→ Assignment
Line by line, copy the data below exactly.

--*--

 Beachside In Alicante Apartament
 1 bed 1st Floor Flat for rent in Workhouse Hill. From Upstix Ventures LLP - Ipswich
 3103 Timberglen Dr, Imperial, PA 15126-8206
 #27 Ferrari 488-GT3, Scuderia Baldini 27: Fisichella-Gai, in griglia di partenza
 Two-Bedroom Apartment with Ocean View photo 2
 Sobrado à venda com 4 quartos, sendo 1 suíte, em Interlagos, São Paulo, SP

--*--

→ Solution for this task
 Beachside In Alicante Apartament
 1 bed 1st Floor Flat for rent in Workhouse Hill. From Upstix Ventures LLP - Ipswich
 3103 Timberglen Dr, Imperial, PA 15126-8206
 #27 Ferrari 488-GT3, Scuderia Baldini 27: Fisichella-Gai, in griglia di partenza
 Two-Bedroom Apartment with Ocean View photo 2
 Sobrado à venda com 4 quartos, sendo 1 suíte, em Interlagos, São Paulo, SP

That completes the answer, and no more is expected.